FairScale FSDP was released in early 2021 as part of the FairScale library. And then we started the effort to upstream FairScale FSDP to PyTorch in PT 1.11, making it production-ready. We have selectively upstreamed and refactored key features from FairScale FSDP, redesigned user interfaces and made performance improvements.

In the near future, FairScale FSDP will stay in the FairScale repository for research projects, while generic and widely adopted features will be upstreamed to PyTorch incrementally and hardened accordingly.

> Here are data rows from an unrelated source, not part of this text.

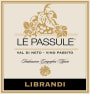 Librandi Val di Neto Passule Passito Bianco 2009 Front Label
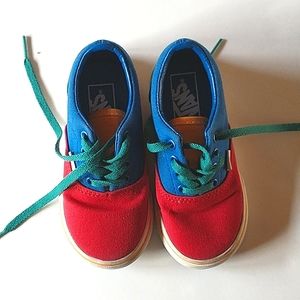 Color block vans off the wall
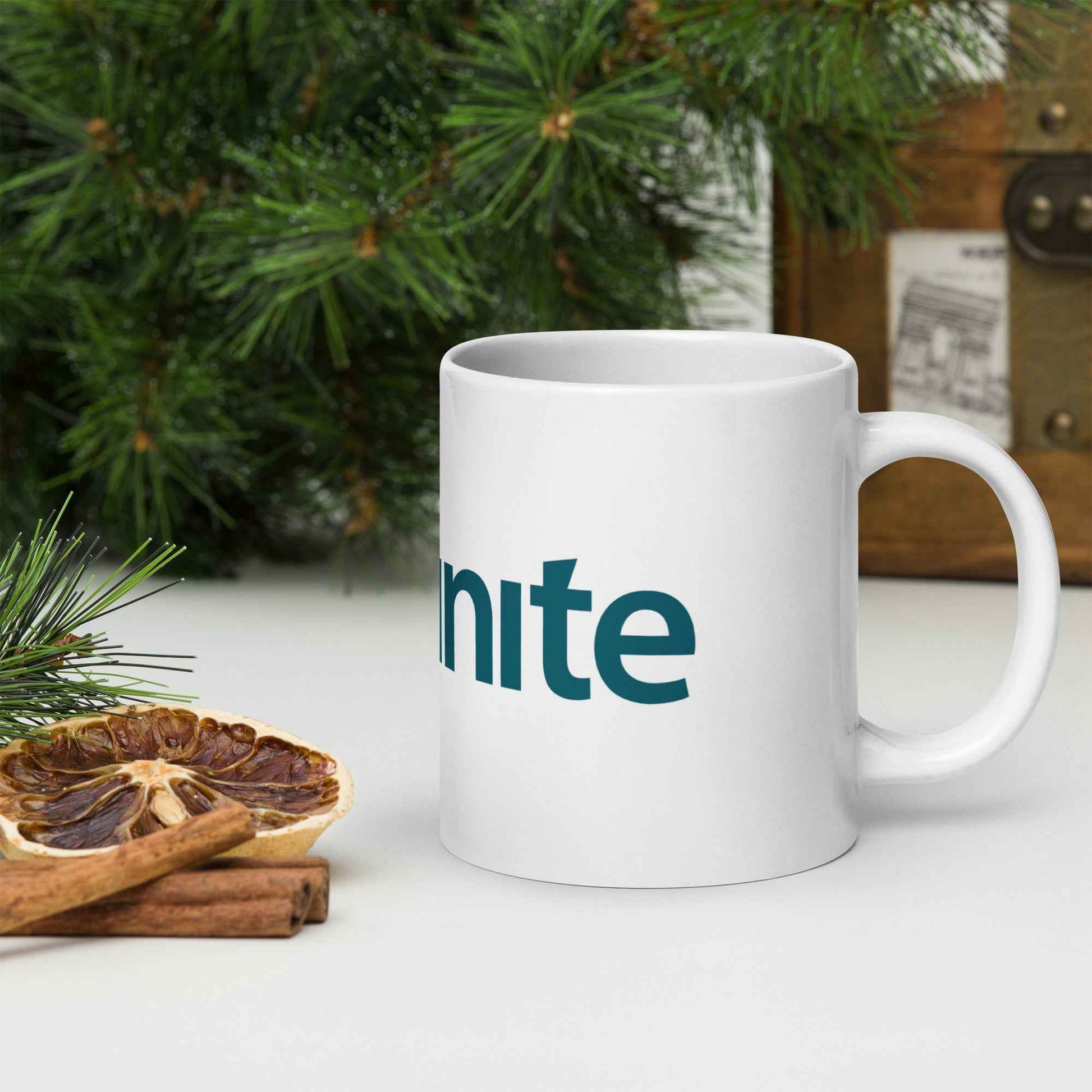 Grinfinite Cards glossy mug!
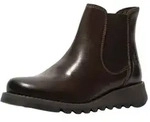 Fly London Fly London Stiefelette Leder/Textil Keilstiefelette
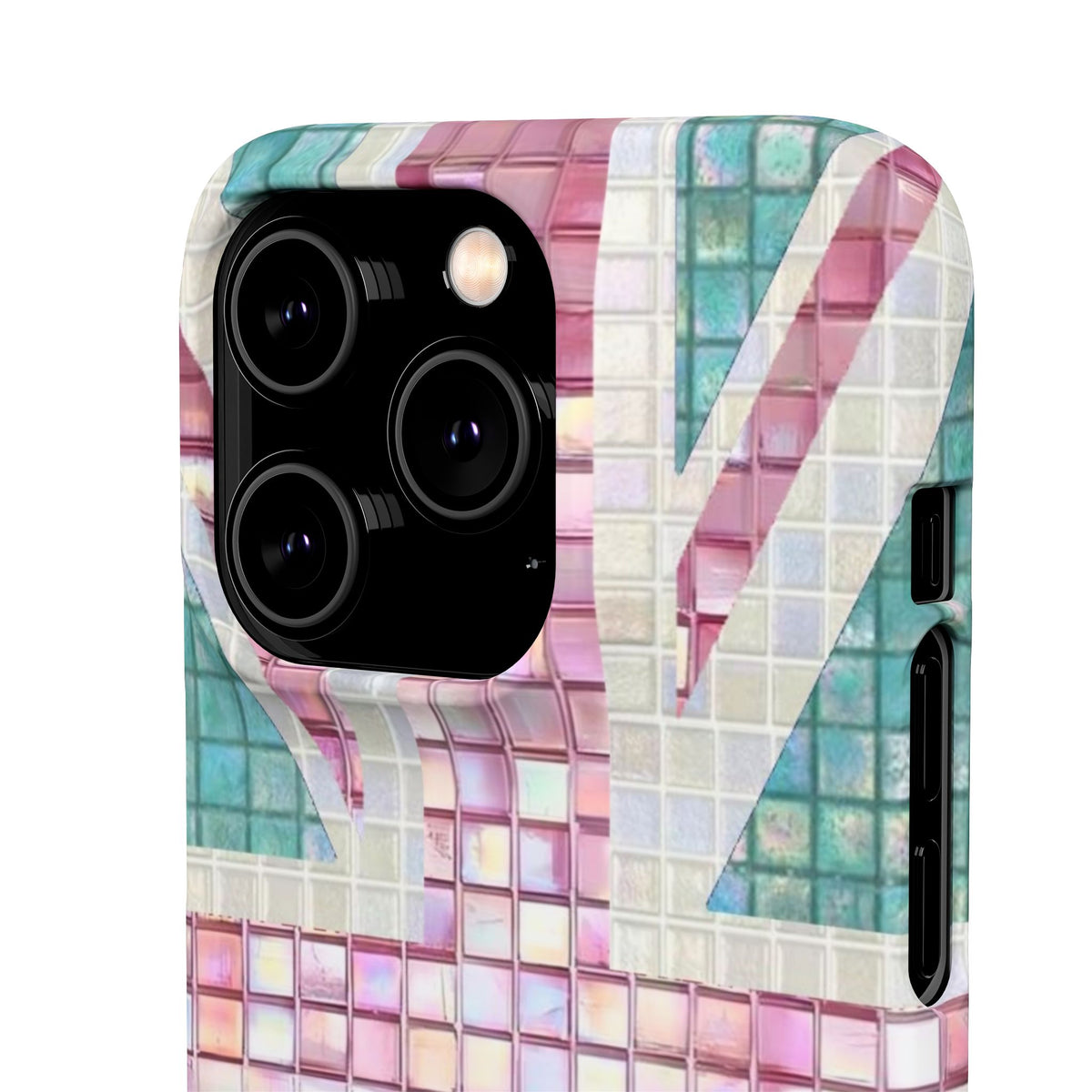 Union Jack Mosaic Case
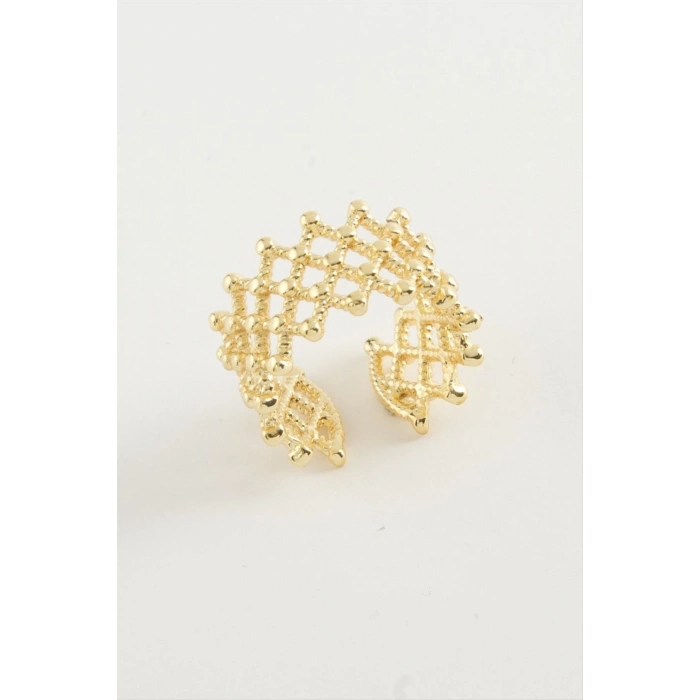 ÇOK SATAN Fileli Metal Yüzük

Meanwhile, PyTorch FSDP will focus more on production readiness and long-term support. This includes better integration with ecosystems and improvements on performance, usability, reliability, debuggability and composability.

### Acknowledgments

We would like to thank the authors of FairScale FSDP: Myle Ott, Sam Shleifer, Min Xu, Priya Goyal, Quentin Duval, Vittorio Caggiano, Tingting Markstrum, Anjali Sridhar. Thanks to the Microsoft DeepSpeed ZeRO team for developing and popularizing sharded data parallel techniques. Thanks to Pavel Belevich, Jessica Choi, Sisil Mehta for running experiments using PyTorch FSDP on different clusters. Thanks to Geeta Chauhan, Mahesh Yadav, Pritam Damania, Dmytro Dzhulgakov for supporting this effort and insightful discussions.